# [TASK DETAILS]
Retype the data that follows exactly. No pictures belong in the copy.

# [GIVEN MATERIAL]
== Segment start ==

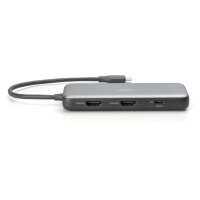 Docking USB-C->HDMI,USB3.0,RJ45,SD,MicroSD,CPD Alu s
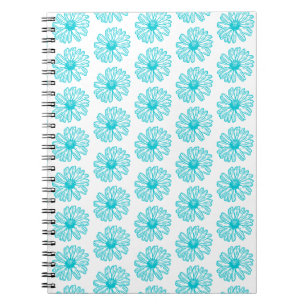 Robin Egg Blue Daisy Print, Hippie Flowers Mönster Anteckningsbok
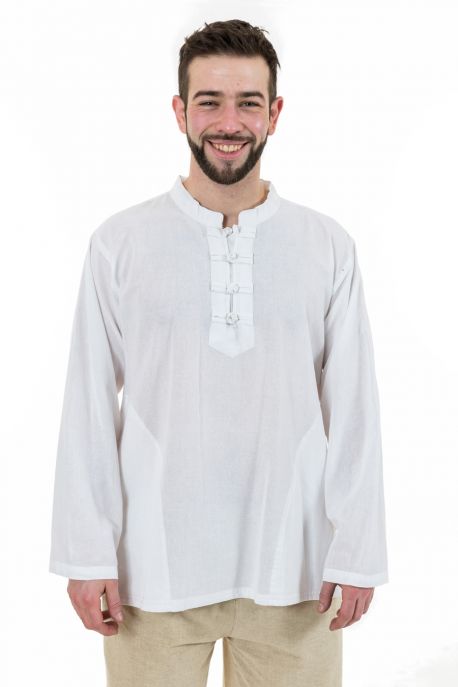 Chemise ethnic asia col mao boutons coton blanc milk Dudha full size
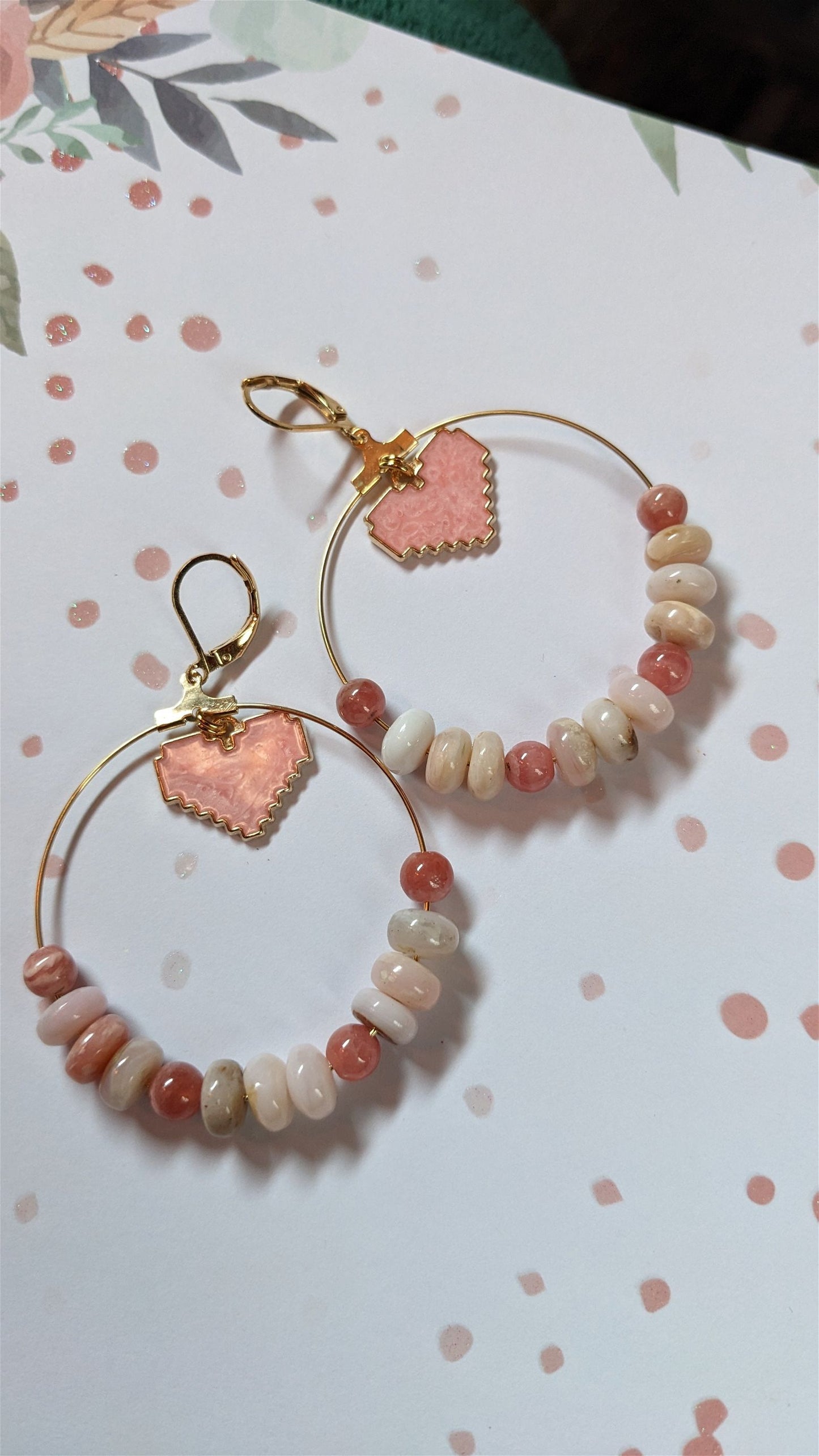 Boucles d'oreilles en opale rose - Aurore Lune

== Segment end ==

# [ANSWER SECTION]
 Docking USB-C->HDMI,USB3.0,RJ45,SD,MicroSD,CPD Alu s
 Robin Egg Blue Daisy Print, Hippie Flowers Mönster Anteckningsbok
 Chemise ethnic asia col mao boutons coton blanc milk Dudha full size
 Boucles d'oreilles en opale rose - Aurore Lune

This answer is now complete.